Last week, USA Today reported that Pete Rose is hopeful the new Major League commissioner will meet with him to discuss his ban from baseball. Rose has already been cleared to take part in some of the All-Star festivities in Cincinnati this summer.
I came across the story below from the January 11, 1984 edition of the Montreal Gazette a little while back and found it very interesting. Particularly now. (Coincidentally, given my story two weeks ago about about the new Red Army film, the Gazette was also reporting that day that Canadiens GM Serge Savard was preparing for an upcoming trip to the Sarajevo Winter Olympics and was hopeful that Vladislav Tretiak would return to Montreal with him to play in the NHL after the Games. Tretiak, of course, never received the permission he needed from Soviet officials to join the Canadiens.)
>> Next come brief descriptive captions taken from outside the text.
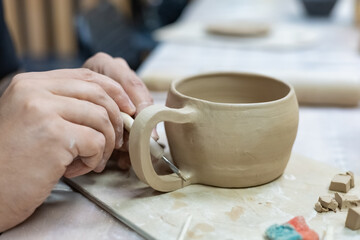 Fototapeta na wymiar a ceramic artist processes the handle of a clay mug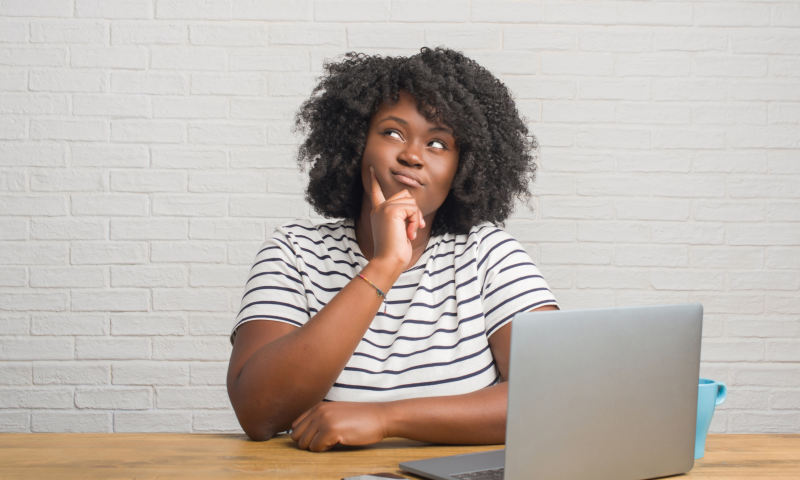 Young african american woman sitting on the table using computer laptop serious face thinking about question, very confused idea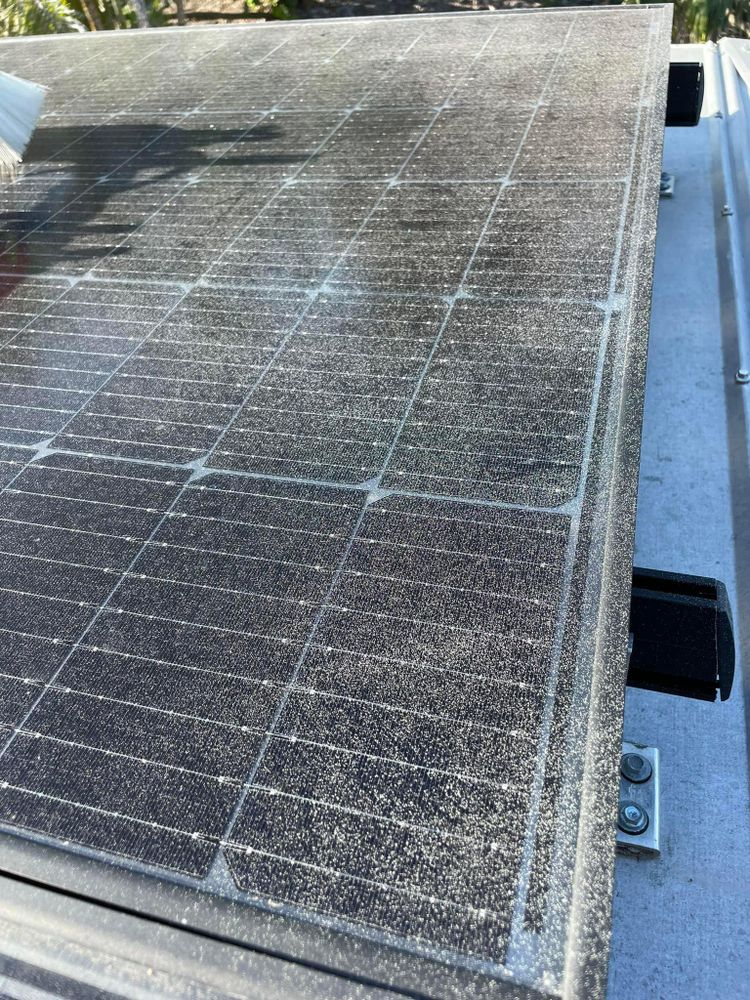 A close up of a dirty solar panel on a roof.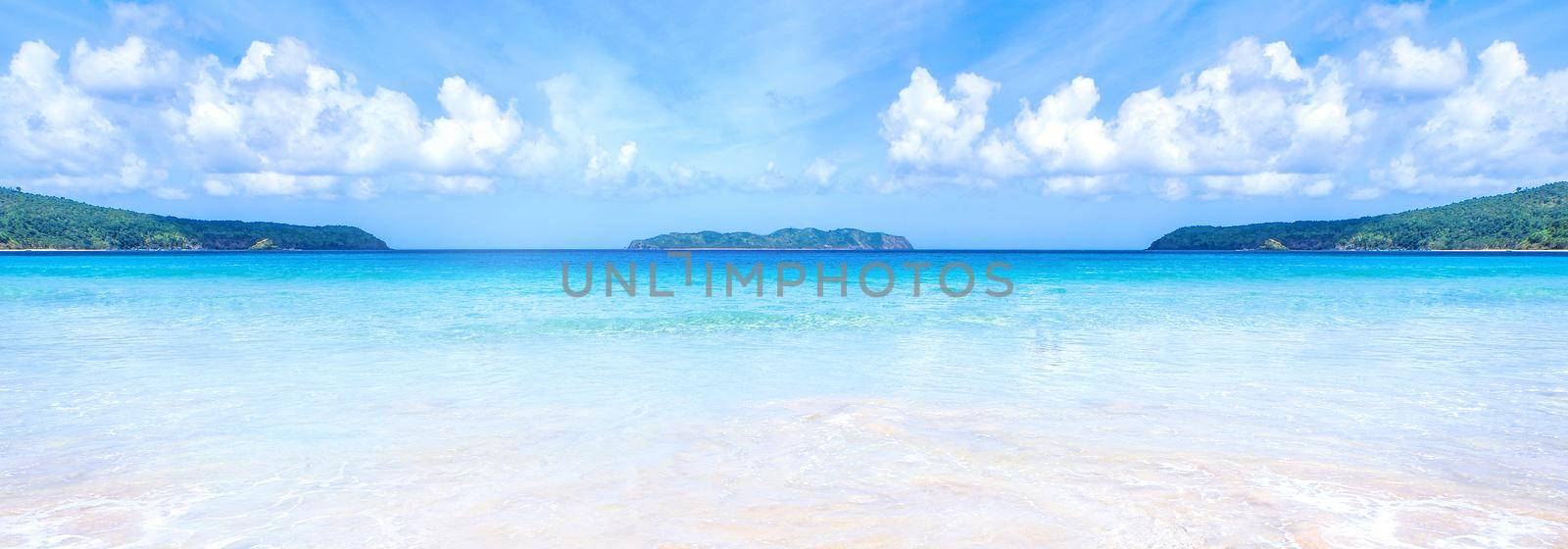 Beautiful amazing gold colored sandy beach with soft waves isolated with sunny blue sky. Concept of tropical calm tourism idea, copy space, close up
Back in 1984, Pete Rose was a free agent after five years with the Philadelphia Phillies, which had followed his 16 seasons with the Cincinnati Reds. Rose would turn 43 that April, and his batting average had dropped from .325 in 1981 to .271 in 1982 to .245 in 1983. Still, with 3,990 career hits, he was just 201 behind Ty Cobb’s all-time record at the time and there was little doubt he was going to sign with someone. The Expos and the Seattle Mariners were the only teams on record as showing any interest. Ian MacDonald wrote that Rose expected to know if he had a deal to come to Montreal within the week. (He signed with the Expos on January 20.) What I found most interesting is what MacDonald wrote next:
“And a guy who picked both National Football League playoff games Sunday – and was “nine-for-twelve in the bowls” is worth heeding when he predicts that an announcement may be imminent.”
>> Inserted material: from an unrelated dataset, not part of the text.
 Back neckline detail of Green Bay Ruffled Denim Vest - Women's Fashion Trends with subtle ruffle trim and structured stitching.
Obviously, nobody had a problem with Rose’s gambling at this point! To insiders (though certainly not to fans like my 20-year-old self) Rose was known to be a big gambler, and was often seen at horse races.
Rose got his 4,000th hit with the Expos early in the season, but was traded to Cincinnati in August and became the Reds’ player-manager. He broke Cobb’s record the following year, on September 11, 1985. Rose gave up playing after 1986 but was still managing the Reds in 1989 when his gambling problem became known to all. That August, he was banned from baseball for life for gambling on the game. He denied for years that he’d bet on baseball, but Rose finally came clean in 2004 … though he says he only ever bet on his own team to win.
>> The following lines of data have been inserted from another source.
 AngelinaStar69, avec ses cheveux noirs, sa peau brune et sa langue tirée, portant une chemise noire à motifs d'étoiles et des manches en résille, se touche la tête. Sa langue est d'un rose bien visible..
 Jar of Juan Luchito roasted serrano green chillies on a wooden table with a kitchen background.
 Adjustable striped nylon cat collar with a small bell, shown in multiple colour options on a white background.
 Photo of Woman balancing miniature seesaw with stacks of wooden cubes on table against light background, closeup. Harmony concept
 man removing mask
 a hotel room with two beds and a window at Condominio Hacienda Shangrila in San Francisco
Despite the many records he holds (some of which are listed below), Rose remains ineligible for election to the Baseball Hall of Fame. There is no indication yet that Commissioner Rob Manfred plans to change this. For more on whether or not Rose should be in Cooperstown, you can read a couple of interesting stories that appeared in The Atlantic in March and August of 2014.
Major League Records
• Most Career Hits 4,256
• Most Games Played 3,562
• Most AB’s 14,053
• Most Singles 3,315
• Most Total Bases Switch Hitter 5,752
• Most Season 200 or more hits 10
• Most Season 600 or more AB’s 17
• Most Season 150 or more games played 17
• Only Major League Player in History to Play 500 Games at 5 Positions
National League Records
• Most Doubles 746
• Longest Consecutive Game Hitting Steak (44 Games) 1978
• Batting Champ 1968-1969-1973
3 thoughts on “The Odds on Pete Rose”
Wow! Incredible stats when one goes back and looks. These really got lost in the betting scandal. As much as I wasn’t a big fan of his personality, these accompishments are amplified when compared to those of the PED era players.
Loved McDonald’s quote.
How unfortunate Pete Rose’s ‘extra cirricular’ activities have prevented him from the Baseball Hall of Fame. His stats are amazing & on that merit he should be inducted…. I am sure he is not the ONLY person to have gambled or drank or done something wrong in a sport so I think Pete should get his place in baseball history!